News

The properties of your microscope do matter

Published on May 10, 2021
Category Interacting Photons
Tunable cavity with a CsPbBr3 crystal inside. The excitation light is coupled into the cavity through a microscope objective with numerical aperture NAe and light is collected through a different objective with numerical aperture NA.

The coupling of light and matter is relevant to many emerging technologies like lasers, LEDs, sensors, and more. To observe this coupling researchers use optical microscopes, and the signatures of light-matter coupling are then evidenced by measuring the transmission of different colors of light (i.e. the spectrum). Typically, the measured spectrum is assumed to be independent of the microscope’s properties. However, scientists at AMOLF have discovered that the microscope’s properties can profoundly impact those measurements. The results raise awareness about a hitherto ignored source of error in optical experiments, and pave the way for the correct characterization of optical systems. The researchers published this study in the journal ACS Photonics on May 4th.

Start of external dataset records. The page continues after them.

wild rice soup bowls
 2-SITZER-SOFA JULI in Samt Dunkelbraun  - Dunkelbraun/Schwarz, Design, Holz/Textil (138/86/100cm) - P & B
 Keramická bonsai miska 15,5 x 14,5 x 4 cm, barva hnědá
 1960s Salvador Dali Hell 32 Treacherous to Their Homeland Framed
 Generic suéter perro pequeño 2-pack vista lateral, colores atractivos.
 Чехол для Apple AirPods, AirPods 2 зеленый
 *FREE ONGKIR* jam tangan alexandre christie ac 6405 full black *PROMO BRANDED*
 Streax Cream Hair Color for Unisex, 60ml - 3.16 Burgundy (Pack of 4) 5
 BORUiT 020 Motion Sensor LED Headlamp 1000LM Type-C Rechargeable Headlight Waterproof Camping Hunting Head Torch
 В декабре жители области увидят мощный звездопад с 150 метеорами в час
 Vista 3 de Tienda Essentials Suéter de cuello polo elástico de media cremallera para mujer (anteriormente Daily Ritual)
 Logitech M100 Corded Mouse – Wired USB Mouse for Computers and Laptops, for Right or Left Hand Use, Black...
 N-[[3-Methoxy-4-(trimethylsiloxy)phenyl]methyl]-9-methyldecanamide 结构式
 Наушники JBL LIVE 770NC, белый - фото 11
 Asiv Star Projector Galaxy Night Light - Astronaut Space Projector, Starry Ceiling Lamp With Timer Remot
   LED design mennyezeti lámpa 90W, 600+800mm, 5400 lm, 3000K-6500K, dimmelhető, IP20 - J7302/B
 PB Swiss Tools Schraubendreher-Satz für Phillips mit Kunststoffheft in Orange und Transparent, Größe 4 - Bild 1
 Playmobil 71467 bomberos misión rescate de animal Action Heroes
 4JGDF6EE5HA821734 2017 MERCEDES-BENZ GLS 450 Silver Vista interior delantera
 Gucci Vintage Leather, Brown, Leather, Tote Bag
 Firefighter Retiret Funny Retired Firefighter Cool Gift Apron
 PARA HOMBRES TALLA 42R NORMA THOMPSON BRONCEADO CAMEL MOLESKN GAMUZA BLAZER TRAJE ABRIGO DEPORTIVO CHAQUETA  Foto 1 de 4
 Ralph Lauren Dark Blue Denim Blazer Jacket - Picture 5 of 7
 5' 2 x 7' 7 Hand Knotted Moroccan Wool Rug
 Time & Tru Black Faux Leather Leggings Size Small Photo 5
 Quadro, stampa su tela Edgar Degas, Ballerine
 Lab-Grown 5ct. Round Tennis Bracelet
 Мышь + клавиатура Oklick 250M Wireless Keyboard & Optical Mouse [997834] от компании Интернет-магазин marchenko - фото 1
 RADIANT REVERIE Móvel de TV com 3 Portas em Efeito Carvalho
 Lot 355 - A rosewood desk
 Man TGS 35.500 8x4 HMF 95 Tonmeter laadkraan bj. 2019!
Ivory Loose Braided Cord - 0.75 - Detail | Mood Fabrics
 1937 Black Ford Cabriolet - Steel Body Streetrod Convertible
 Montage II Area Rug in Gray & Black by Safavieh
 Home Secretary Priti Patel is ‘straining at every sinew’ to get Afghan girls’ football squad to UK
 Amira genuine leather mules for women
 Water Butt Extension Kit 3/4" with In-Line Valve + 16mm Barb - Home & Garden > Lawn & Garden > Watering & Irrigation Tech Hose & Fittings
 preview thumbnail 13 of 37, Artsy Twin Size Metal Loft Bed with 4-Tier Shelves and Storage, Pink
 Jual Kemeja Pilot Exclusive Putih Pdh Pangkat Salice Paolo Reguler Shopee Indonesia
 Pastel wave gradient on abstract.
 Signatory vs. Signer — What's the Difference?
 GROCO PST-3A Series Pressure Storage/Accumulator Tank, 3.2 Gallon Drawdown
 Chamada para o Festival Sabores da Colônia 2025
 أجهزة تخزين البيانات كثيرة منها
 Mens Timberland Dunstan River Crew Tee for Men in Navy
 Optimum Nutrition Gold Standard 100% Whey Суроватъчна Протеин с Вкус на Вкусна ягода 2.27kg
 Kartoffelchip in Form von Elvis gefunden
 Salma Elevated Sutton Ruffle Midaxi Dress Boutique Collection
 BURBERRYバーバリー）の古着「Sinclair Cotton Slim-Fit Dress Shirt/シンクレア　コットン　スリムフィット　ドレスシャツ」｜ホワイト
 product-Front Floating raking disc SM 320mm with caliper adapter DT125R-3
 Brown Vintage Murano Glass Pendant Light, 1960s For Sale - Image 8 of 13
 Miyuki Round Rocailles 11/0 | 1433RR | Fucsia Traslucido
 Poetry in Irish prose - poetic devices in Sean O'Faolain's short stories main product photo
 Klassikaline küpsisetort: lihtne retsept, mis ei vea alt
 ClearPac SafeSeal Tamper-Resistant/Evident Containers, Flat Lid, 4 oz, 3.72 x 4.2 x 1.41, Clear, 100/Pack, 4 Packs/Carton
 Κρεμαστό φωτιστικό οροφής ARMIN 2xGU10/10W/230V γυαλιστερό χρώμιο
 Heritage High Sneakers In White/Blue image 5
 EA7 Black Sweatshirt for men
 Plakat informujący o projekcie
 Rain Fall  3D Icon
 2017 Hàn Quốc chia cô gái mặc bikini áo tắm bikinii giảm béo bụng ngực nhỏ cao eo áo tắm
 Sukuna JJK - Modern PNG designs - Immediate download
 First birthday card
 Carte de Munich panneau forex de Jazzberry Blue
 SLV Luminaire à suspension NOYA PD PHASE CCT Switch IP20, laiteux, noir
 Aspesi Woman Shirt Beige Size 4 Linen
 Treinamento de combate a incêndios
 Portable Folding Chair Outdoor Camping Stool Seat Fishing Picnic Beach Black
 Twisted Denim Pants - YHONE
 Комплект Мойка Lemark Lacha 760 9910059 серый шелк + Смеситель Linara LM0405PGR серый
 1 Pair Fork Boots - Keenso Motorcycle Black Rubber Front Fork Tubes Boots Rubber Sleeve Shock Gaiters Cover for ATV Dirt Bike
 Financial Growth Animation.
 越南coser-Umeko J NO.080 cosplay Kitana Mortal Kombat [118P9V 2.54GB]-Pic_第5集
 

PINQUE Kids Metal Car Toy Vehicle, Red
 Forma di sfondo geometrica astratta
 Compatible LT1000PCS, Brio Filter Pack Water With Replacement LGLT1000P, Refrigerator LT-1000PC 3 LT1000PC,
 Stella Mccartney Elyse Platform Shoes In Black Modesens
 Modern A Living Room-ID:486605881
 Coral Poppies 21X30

Two effects that have garnered great interest in nanophotonics research are Fano Resonances and Rabi splittings. These effects are pursued by many research groups worldwide as a means to modify material properties and to enhance the performance of optical technologies. For more than 20 years, it has been believed that the spectral features associated with Fano Resonances and Rabi splittings are unique to strongly coupled systems. Such systems are like two harmonic oscillators strongly coupled by an intermediate spring with light as one oscillator, and matter as the other one. Without strong coupling (i.e. without the intermediate spring), the spectral line shapes characterizing Fano Resonances and Rabi splittings were thought to be impossible to observe. However, the AMOLF researchers prove otherwise. Lacking strong coupling the famous features of Fano Resonances and Rabi splittings can still be observed by simply changing the properties of the microscope objective with which the sample is illuminated.

 

First author Zhoumuyan Geng in the Interacting Photons lab at AMOLF Photo by Ivar Pel

For their experimental study, the authors used the simplest and most widely used optical resonator: a Fabry-Perot cavity. This cavity is made by two mirrors facing each other, and their separation is such that there is a resonance condition for light inside. Therefore, light behaves as an oscillator in the cavity. For the material oscillators, the researchers used a perovskite crystal of contemporary interest, namely Cesium Lead Bromide. Such crystals are actively studied at AMOLF and elsewhere for applications like solar cells and optoelectronics. Once the crystal was inside the cavity, the authors measured transmission and photoluminescence spectra as the cavity length was varied. Remarkably, they found that even a modest numerical aperture (NA=0.4) can artificially generate or obscure Fano resonances and Rabi splittings. The origin of these spectral artifacts, and the guidelines how to avoid them, are presented in the article. The results are relevant to the nanophotonics community at large, since they show how important issues can arise and how they can be mitigated in the characterization of various optical systems.

Reference
Zhoumuyan Geng, Johanna Theenhaus, Biplab K. Patra, Jian-Yao Zheng, Joris Busink, Erik C. Garnett, and Said R. K. Rodriguez, Fano Lineshapes and Rabi Splittings: Can They Be Artificially Generated or Obscured by the Numerical Aperture?, May 4 (2021).